Un avis également partagé par Roger Hua, médecin généraliste et secrétaire général du Syndicat des médecins libéraux (SML). Selon lui, les forces de l’ordre ont «beaucoup d’autres tâches» à faire que contrôler l'isolement obligatoire pour tous les infectés.

«On ne va pas pouvoir mettre un policier ou un gendarme sur les quelques 3.000 ou 4.000 personnes de plus, à chaque fois qu’on doit isoler».

​Le projet de loi validé par le Conseil d'État 

Alors que le mouvement anti-pass sanitaire prend de l’ampleur, le Conseil d'État a donné ce lundi son feu vert au projet de loi sur la généralisation de ce dispositif et la vaccination obligatoire des soignants tout en minorant les amendes. La contravention en cas de premier manquement à l'obligation de contrôle du pass sanitaire pourra aller «jusqu'à 1.500 euros pour une personne physique et 7.500 euros pour une personne morale».
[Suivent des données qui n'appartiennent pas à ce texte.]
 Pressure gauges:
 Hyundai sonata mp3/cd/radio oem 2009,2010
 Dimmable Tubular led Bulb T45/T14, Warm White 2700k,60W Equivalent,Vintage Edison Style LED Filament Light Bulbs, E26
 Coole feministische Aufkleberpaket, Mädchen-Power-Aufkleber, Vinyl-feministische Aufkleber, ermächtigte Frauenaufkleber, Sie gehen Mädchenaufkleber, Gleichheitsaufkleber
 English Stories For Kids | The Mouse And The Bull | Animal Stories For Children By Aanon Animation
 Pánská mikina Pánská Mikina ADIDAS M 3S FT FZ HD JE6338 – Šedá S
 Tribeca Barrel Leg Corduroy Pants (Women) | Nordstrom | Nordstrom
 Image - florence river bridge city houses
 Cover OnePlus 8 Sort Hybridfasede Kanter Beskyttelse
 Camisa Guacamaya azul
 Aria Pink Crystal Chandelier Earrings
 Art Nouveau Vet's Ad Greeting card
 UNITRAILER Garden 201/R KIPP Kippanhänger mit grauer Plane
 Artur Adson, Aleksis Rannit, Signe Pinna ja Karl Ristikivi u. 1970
Il a par ailleurs validé la sanction d'un an de prison et de 9.000 euros d'amende en cas de verbalisations à plus de trois reprises dans un délai de 30 jours. Elle s'élèvera à 45.000 euros pour les personnes morales à partir de la cinquième verbalisation.

L'isolement obligatoire de 10 jours pour les personnes contaminées par le Covid-19 a été approuvé par le Conseil d'État, qui a recommandé de ne pas avoir recours à des contrôles de police à domicile après 21h.